MEREDITH: So what's next for Kompakt?
WOLFGANG: Getting bigger, getting better, while keeping our independence. What else? When I was younger I had two different visions of what I would become. One was to become a pop star, like George Michael, and stand onstage and have everybody love me. In the other, I imagined becoming somebody who stays in the background, like Andy Warhol. Now I'm old enough to know that I prefer the second option. At the moment, I'm building up my factory around me, surrounding myself with creative people, and establishing an interesting company. The same energy that I would normally put into making records is being directed toward building up Kompakt. For me, that's just as creative as designing a CD cover or producing a record.
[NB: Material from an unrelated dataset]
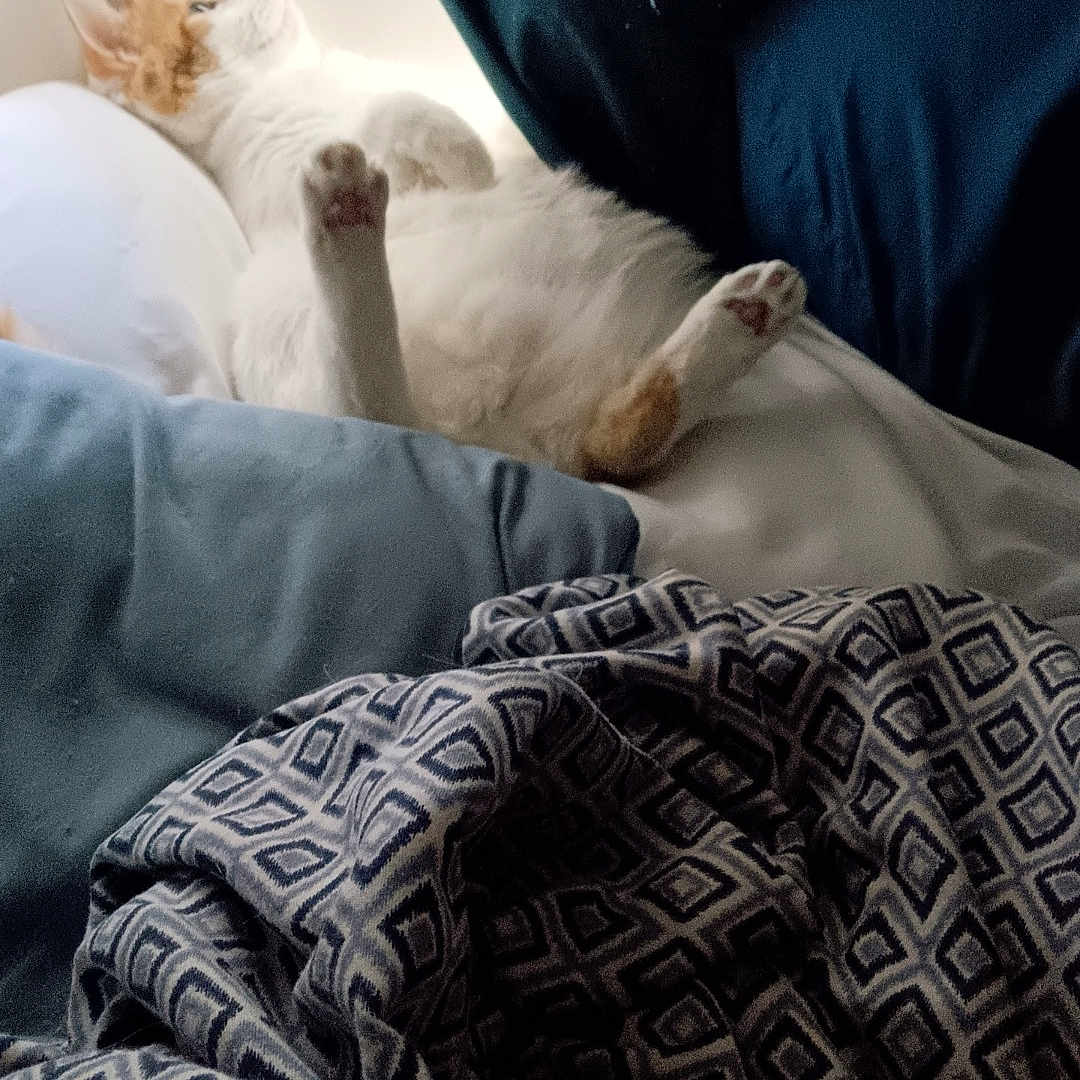 Eevee is registered to the contest to win money with this photo: animal, baby, bed, bedroom, blanket, cat, chair, couch, cushion, furniture, homedecor, indoors, kitten, linen, manx, person, pet, quilt, room, sleeping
MEREDITH: So you're taking a break from making music.
WOLFGANG: What I'm doing now is more like practicing. There is still a lot of music I want to do, but I don't feel like making an important record. I'm working on a few things with my brother, Reinhard, at the moment.
MEREDITH: Is Reinhard younger than you?
WOLFGANG: Yeah. He's very hot right now. He's constantly making records, going to parties, and satisfying the girls, or so he says. [laughs] Reinhard works at night in the clubs, while I work during the day at Kompakt. But in the end it's the same philosophy.